Why are there duplicate results?

March 21, 2024 · 2 min read

Sr Program Manager, Algolia DocSearch

Picking up from the last post, I'm now wondering why I'm getting multiple results in the UI when I search for phrases I know only exist on one page in the blog.

Duplicate Results

It turns out that is because there are actually four (4) different pages with that content:

The blog page itself
The blog landing page
The tag page for Algolia
The tag page for Docusaurus

When you run Build for Docusaurus, each of those pages are generated and thus, result in different search results. While technically correct I do not like this search experience. Instead, I want to see only one result, the actual blog page. Therefore, I'm thinking one of two things should happen:

Remove the "extra" results from being returned
Remove the "extra" records from being populated in my index to begin with

Since I can't see a reason to want those records in my index to begin with, I'd rather just have the entries for the blog pages themselves in the index. Therefore, I think what this will require is an update to the Crawler configuration file.
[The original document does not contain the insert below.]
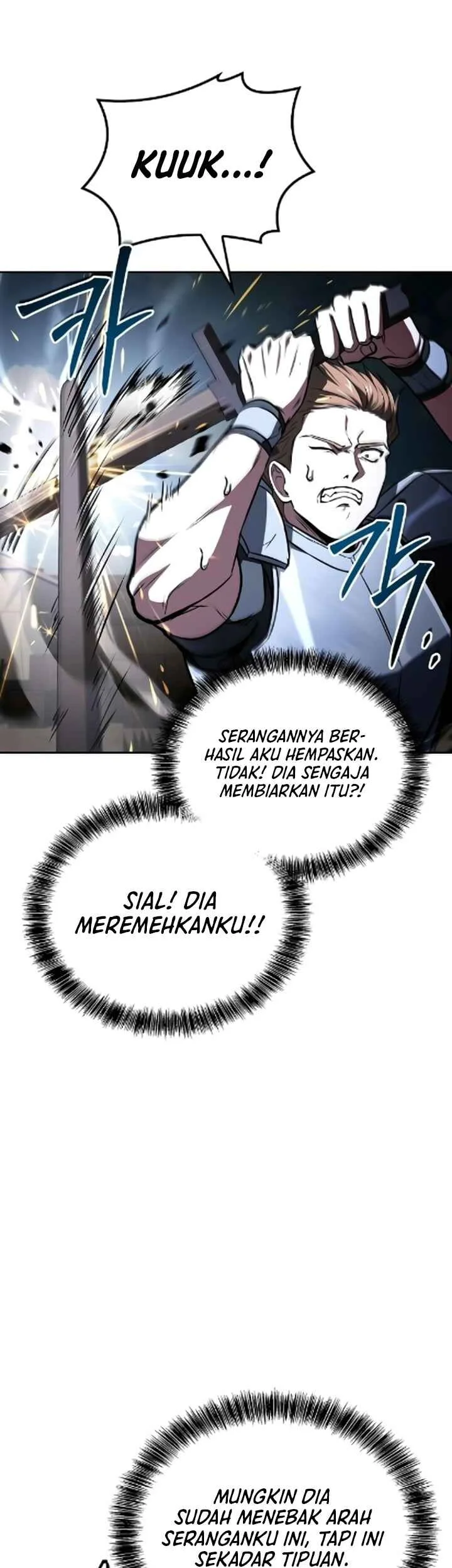Archmage Restaurant Chapter 123 - halaman 48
I see right away there are two properties to look at:

discoveryPatterns
pathsToMatch

After looking at those for a bit, what I really wanted was a way to exclude URLs. After a search on the Crawler docs, guess what, there is (https://www.algolia.com/doc/tools/crawler/apis/configuration/exclusion-patterns/#examples), so I added these to my crawler:

  exclusionPatterns: [
    "https://randombeeper.github.io/JamesDevDocsSrc/blog/tags/**",
    "https://randombeeper.github.io/JamesDevDocsSrc/blog/",
  ],

Now my search results do not contain "duplicate" pages, only results that will go right to the blog post where the match is found.

alt text